State-of-the-art deep learning models are often trained on datasets with millions of images. Collecting your own datasets of that size is a difficult enough task in and of itself. You will likely need to automate the process of raw data curation.
Once you have collected your raw data, you need to ensure that the samples are of high quality to properly train and test your model. One requirement of a high-quality dataset is a lack of duplicate samples. Duplicates in your training set can cause your model to learn biases towards the duplicated samples which results in a model that will have a harder time generalizing to new data. Duplicates in your test set will result in incorrect performance evaluation of your model resulting in worse performance on unseen data.
Finding duplicate images manually in a dataset with millions of images is an expensive effort. It can be easy enough to write an algorithm that finds duplicates of the exact same image, but what if two images are only slightly different, varying only by a slight lighting change or pixel values? These samples can still hurt performance but are much more difficult to find.
This post will show you how to find and remove duplicate and near-duplicate images in your dataset automatically while also visualizing the images to ensure the right images are removed.
We will be looking at the CIFAR-100 dataset, which we find to contain over 4500 duplicate images, at times duplicated between the test and train splits
I will be using FiftyOne, an open-source ML developer tool I have been working on, in this post. It will let you easily manipulate and visualize image datasets as well as generate embedding on your data using its model zoo. The installation is as easy as:
pip install fiftyone

Overview
- Load dataset
- Compute embeddings
- Calculate similarity
- Visualize and remove duplicates
It should be noted that there are multiple ways that this can be done. The example here is useful for finding near-duplicates pairwise for every image in the dataset.
FiftyOne also provides a uniqueness
function that computes a scalar property over the dataset determining the uniqueness of a sample in relation to the rest of the data. It can also be used to manually find near-duplicates, with low uniqueness
indicating likely duplicate or near-duplicate images. You can see an example of it at the end of the post.
Alternatively, if you are only interested in exact duplicates, you can compute a hash over your files to quickly find matches. However, if images vary by only small pixel values, this method will fail to find the duplicates.
1) Load Dataset
The first step will be to load your dataset into FiftyOne.
In this example, I will be using the image recognition dataset, CIFAR-100. This dataset is fairly old (2009) but still relevant enough that papers submitted to ICLR 2021 are using it as a baseline.
CIFAR-100 contains 60,000 images between the train and test split annotated with 100 label classes grouped into 20 "super classes". This dataset also exists in the FiftyOne Dataset Zoo and can be easily loaded.
If you want to follow along with a lightweight version of this guide, you load a subset of the dataset containing 1000 samples (or however many you specify).
The loaded dataset can then be visualized in the FiftyOne App.

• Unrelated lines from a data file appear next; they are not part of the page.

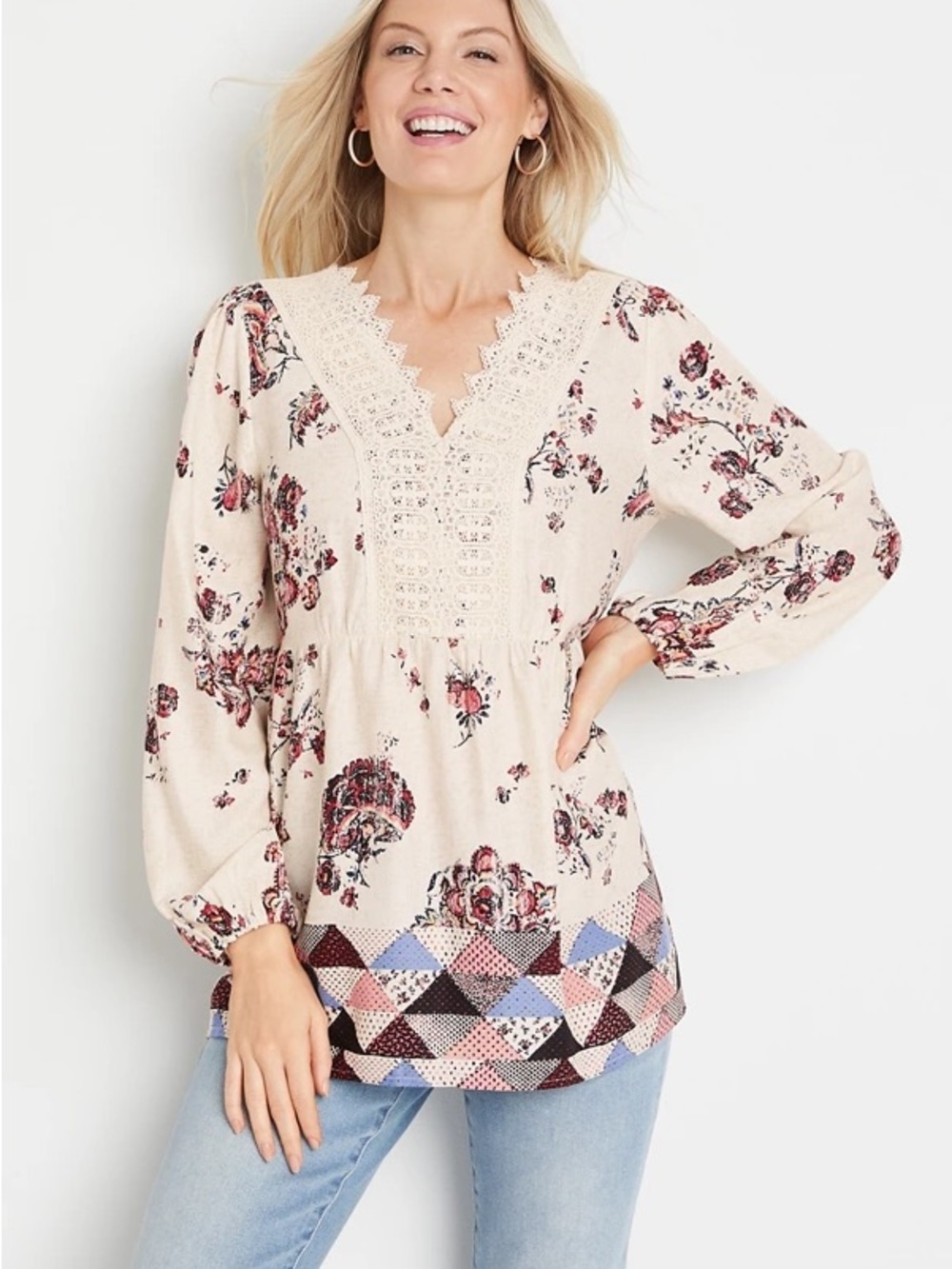 Boho Crochet V-Neck Floral Tunic Top - Cream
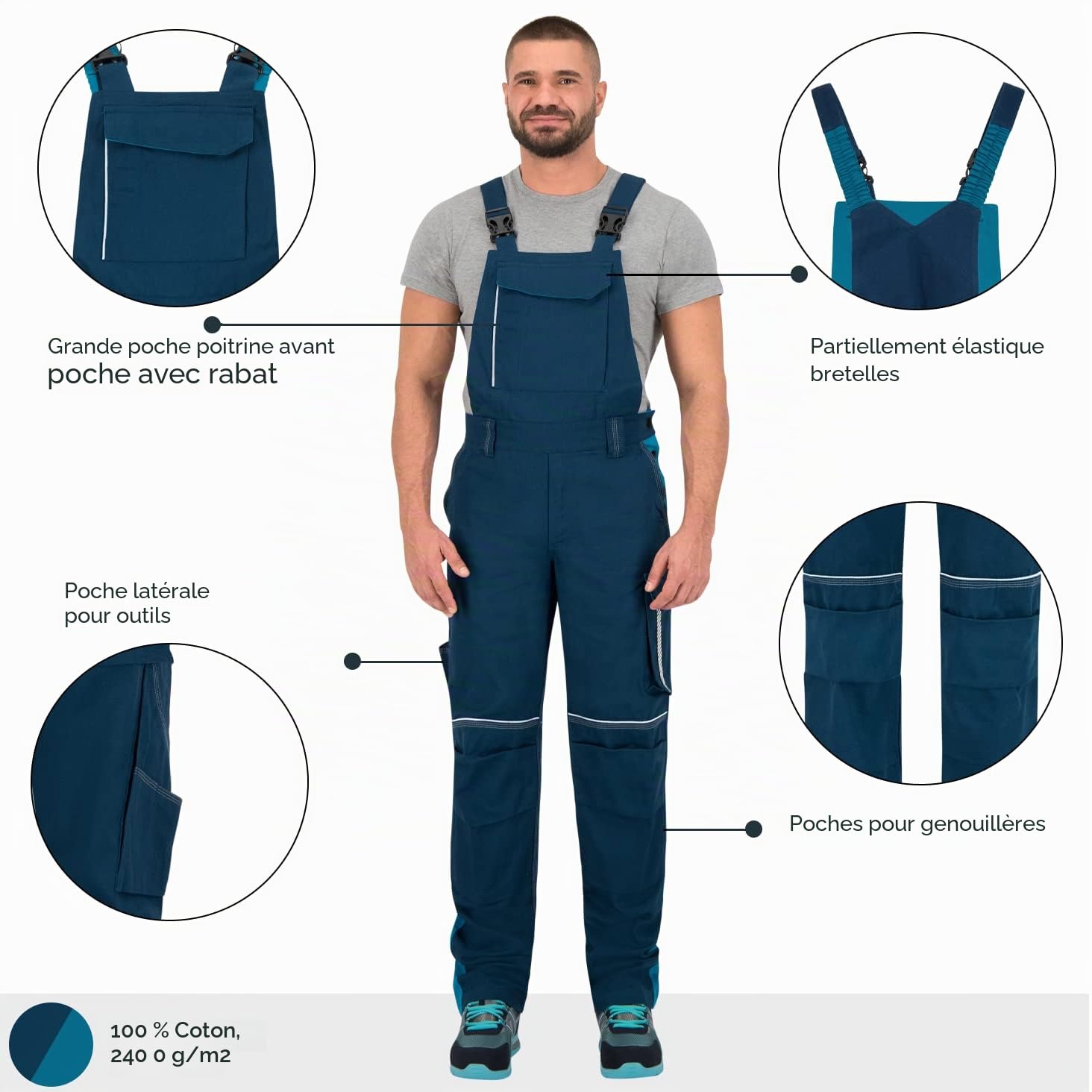 BWOLF Raptor 100% Coton Salopette de Travail Homme Bleu de Travail Homme Salopette de Travail Homme avec Poches Multifonctionnelles, Bandes Réfléchissantes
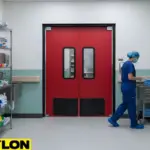 Red double swinging doors in a hospital prep room with a nurse organizing supplies.
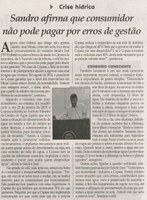 Sandro afirma que consumidor não pode pagar por erros de gestão. Jornal Correio da Cidade, Conselheiro Lafaiete, 14 fev. 2015, p. C3. 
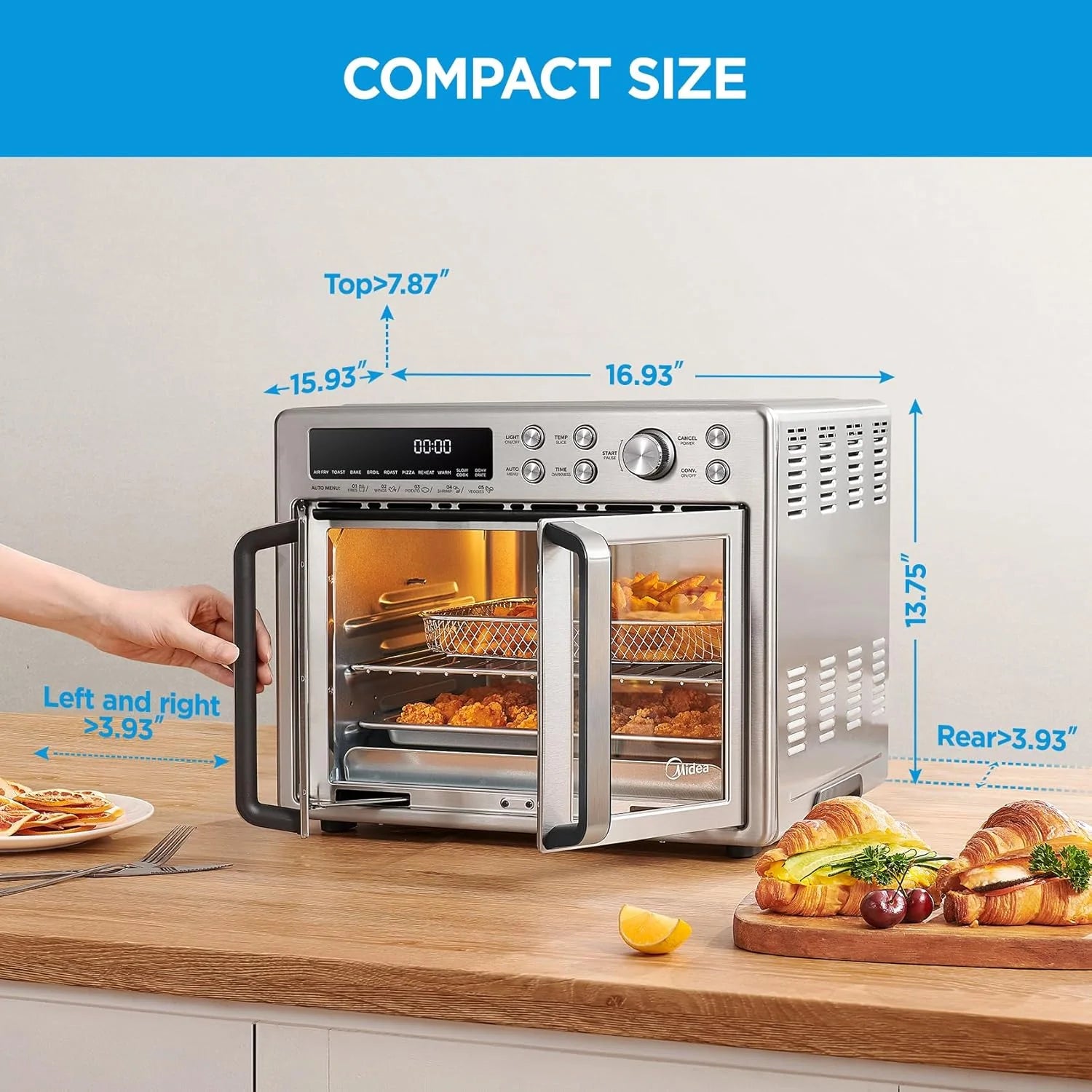 Midea Flexify French Door Toaster Oven Air Fryer Combo, 26.4 QT, Extra Large Air Fryer Countertop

1a) Loading your own dataset
FiftyOne supports a host of label types. If you are using a classification dataset to look for duplicates, you can import a ImageClassificationDirectoryTree
dataset.
2) Generate Embeddings
Images store a lot of information in their pixel values. Comparing images pixel-by-pixel would be an expensive operation and result in poor quality results.
Instead, we can use a pretrained Computer Vision model to generate embeddings for each image. An embedding is a result of processing an image through a deep model into the form of a vector containing a few thousand values distilling the information stored in the millions of pixels.
The FiftyOne Model Zoo contains a host of different pretrained models that we can use for this task. In this example, we will use MobileNet trained to classify images on the ImageNet dataset. This model provides relatively high performance, but most importantly is lightweight and can process our dataset quicker than other models. Any off-the-shelf model will be informative, but one can easily experiment with other models that may be more useful for particular datasets.
We can easily load the model and compute embeddings on our dataset.
3) Calculate Similarity
Now that we have significantly reduced the dimensionality of our images, we can use classical similarity algorithms to compute how similar every Image embedding is to every other image embedding.
In this case, we will use cosine similarity provided by Scikit Learn since this algorithm is simple and works fairly well in high dimensional spaces.
The N x N similarity matrix provides a value between 0 (low similarity) and 1 (identical) for each pair of your N samples.
[1, 0.532, 0.624, 0.461, ...]
[0.422, 1, 0.125, 0.031, ...]
...
[..., 0.236, 0.942, 0.831, 1]
As you can see, all diagonal values are 1
since every image is identical to itself. We can subtract by the identity matrix (N x N matrix with 1’s on the diagonal and 0’s elsewhere) in order to zero out the diagonal so those values don’t show up when we look for samples with maximum similarity.
Note: Computing cosine similarity on datasets with more than 100,000 images can time and memory intensive. It is recommended to split the embeddings into batches and parallelize the process to speed up this computation.
4) Visualize and Remove Duplicates
We can now iterate through every sample and find which other samples are the most similar to it.
Visualizing the results and sorting by the samples with the highest similarity shows us the duplicates in the dataset.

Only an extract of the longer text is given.